The coefficient of friction given in Table 4 was measured according to ASTM D1894. The term "static" in Table 4 refers to the coefficient of friction produced owing to acceleration when the printing sheet is mechanically drawn out from the accommodated position. The term "dynamic" refers to the coefficient of friction due to frictional resistance occuring at a constant speed.
The printing sheet of the invention and PPC paper were tested for heat resistance with the results given in Table 5.
The test was conducted on the assumption that the electrostatic printer will develop heat trouble. With electrostatic printers, the temperature of the heat press roller assembly for fixing the toner is generally in the range of 160° to 185°C although somewhat different depending on the type of the printer. If the printer develops trouble during toner fixing, the printing sheet will be heated to a considerably high temperature. Simulating such a case, the present test was conducted at a high temperature of 200°C for 1 minute. The specimen was dried in a silica gel desiccator for 48 hours before testing.
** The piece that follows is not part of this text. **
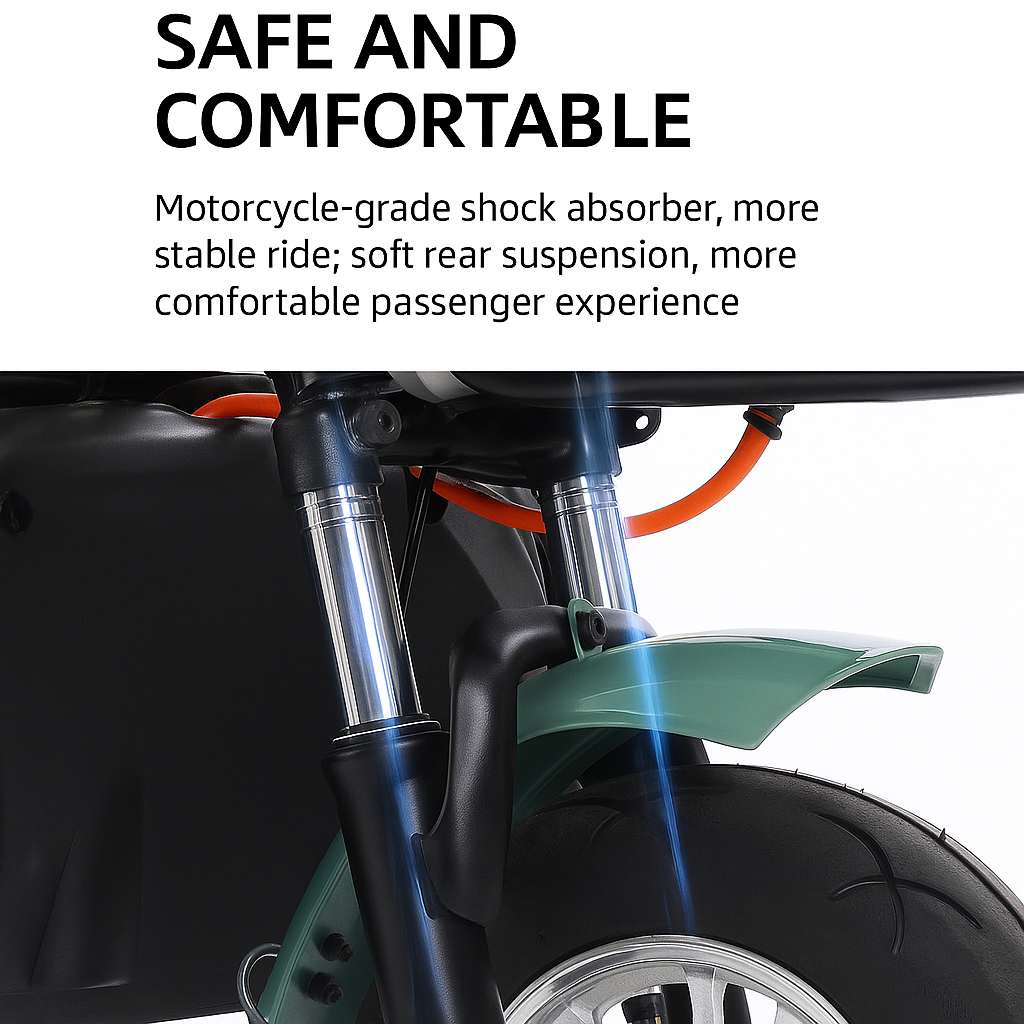 3-WHEEL ELETRIC SCOOTER/TRICYCLE/VEHICLE, WITH LARGE SPACE, TIEN SUPER KR-306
With reference to Table 5, the specimen (10 g) was used for the analysis of evolved chlorine gas according to JIS K-0102, and the gas was detected by colorimetric analysis with o-tolidine. The thermally cracked gas was produced by the following procedure using "Curie Point Pyrolyzer," product of Nippon Bunsekikogyo Co., Ltd. A ferromagnetic material having a Curie point of 177°C or 255°C was caused to support the specimen thereon and melted using a high-frequency heat source. The gas evolved by thermal cracking at a specified temperature during melting was analyzed by gas chromatography.
TABLE 5 |
______________________________________ |
Sheet of invention |
PPC paper |
______________________________________ |
Weight reduction due |
0.11 0.13 |
to heating at 200°C |
for 1 minute (%) |
Evolved Cl gas |
Not detected Not detected |
Evolution of |
thermally cracked gas |
177°C |
No decomposed No decomposed |
component component |
255°C |
Small amounts of |
Small amounts |
2 components of |
of 2 components |
low boiling point |
of low boiling |
point |
______________________________________ |
The results given in Tables 4 and 5 indicate that the printing sheet of the invention are usable for electrostatic printing like common PPC paper.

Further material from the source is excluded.